Fra un disastro e l'altro
Cercando il sentiero, che la direzione giusta la conosciamo: è in salita ma bisogna andare
Se mi chiedi come sto, ne riparliamo il 6 novembre, così nel conto metto anche l’esito delle elezioni americane. Mi fanno ancora male le cicatrici del 2016, ma stavolta è anche peggio perché so cosa potrebbe arrivare, e so anche che la finestra per agire su un sacco di fronti si restringe sempre più in fretta.
Una parte di me pensa che Harris ce la farà, che moltissime donne e giovanissimi stanno andando a votare e che molte persone registrate come elettori repubblicani stanno votando democratico; l’altra parte ricorda che sottovalutare la stupidità e l’irrazionalità e la disinformazione è una scommessa imprudente. Se avessi un dio da pregare, lo farei.
Intanto i disastri si succedono senza tregua. Alluvioni devastanti, stragi a Gaza e in Libano, autocrati che vincono elezioni truccate, propaganda governativa sulla pelle dei più disgraziati: c’è da fare un lavoro enorme, io a volte non so se ho la lucidità per farlo nel modo giusto.
Mi pesa la rabbia. Sono più di quarant’anni che leggo analisi e previsioni scientifiche che descrivono esattamente il futuro che ci stavamo preparando, e adesso le conseguenze sono qui, un cigno grigio largamente prevedibile anche in assenza di precedenti storici. La dura realtà la descrive bene un articolo del Guardian che ho appena letto: la crisi climatica diventa sempre più grave e l’industria petrolifera ci sta uccidendo.

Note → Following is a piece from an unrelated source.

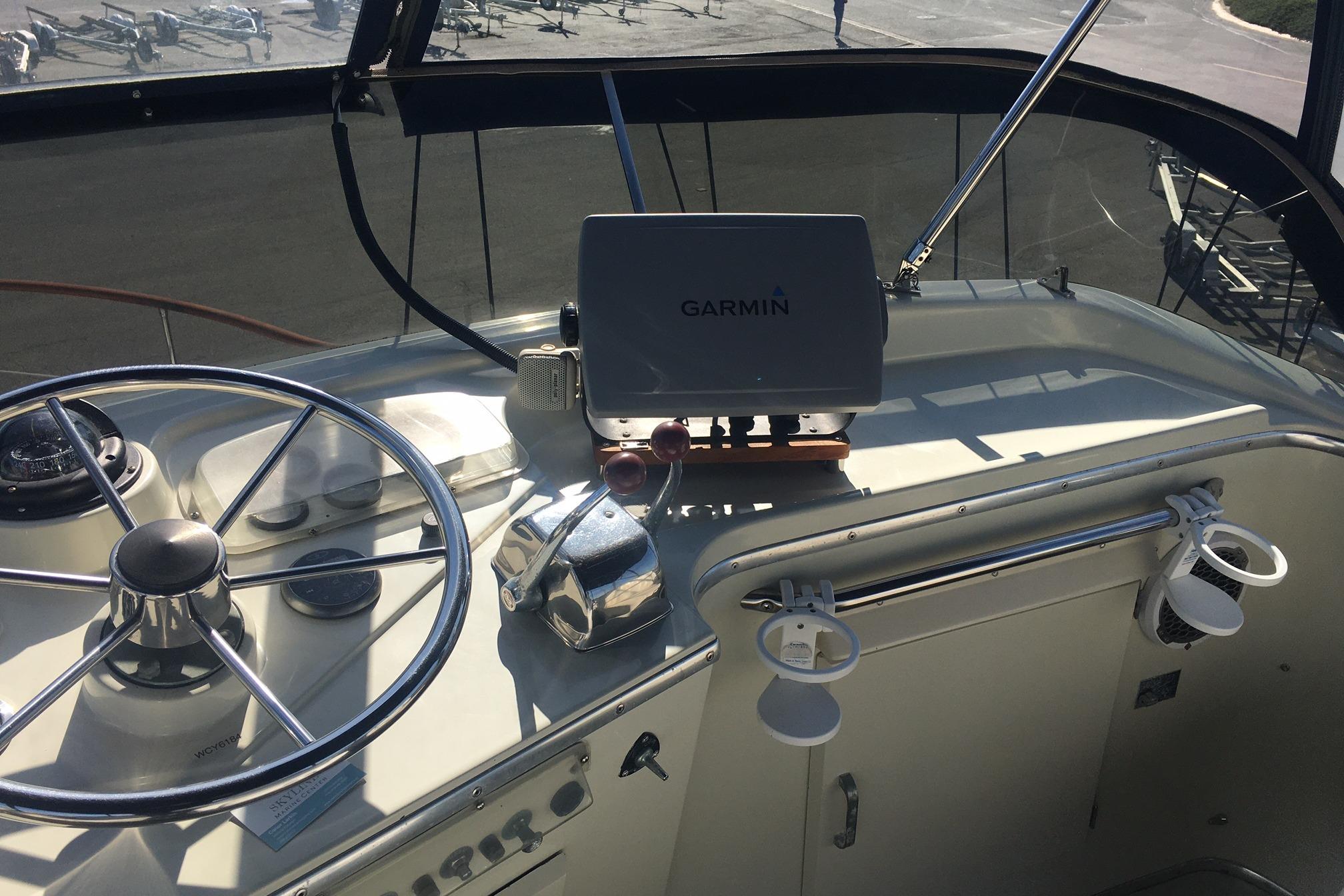 1978 Tollycraft 40 Tri-Cabin MY helm with Garmin navigation system and steering wheel.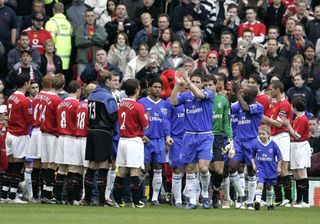 Chelsea players walk through a guard of honour in 2005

In tutto questo, la spudorataggine del capitalismo non ha freni. Eric Schmidt, ex CEO di Google, a una conferenza sull’AI ha dichiarato che non raggiungeremo comunque gli obiettivi climatici, quindi tanto vale andare avanti con l’intelligenza artificiale, che è mostruosamente energivora, esonerandola da qualunque vincolo nella speranza che alla fine sia un algoritmo a trovare le soluzioni che ci servono. Io quando l’ho letto mi sarei fatta esplodere, per fortuna c’è chi ha più pazienza di me e riesce a mettere in fila, per la millesima volta, le cose da dire:
Noi abbiamo già le soluzioni. E continuano a migliorare, nel senso che sono progettate meglio, sono più efficienti, più economiche. Dobbiamo solo metterle in pratica, ma queste soluzioni non piacciono a molte persone ricche e potenti. Proporre una strategia inesistente è diventata una scusa per non dare sostegno a quelle che ci sono. […]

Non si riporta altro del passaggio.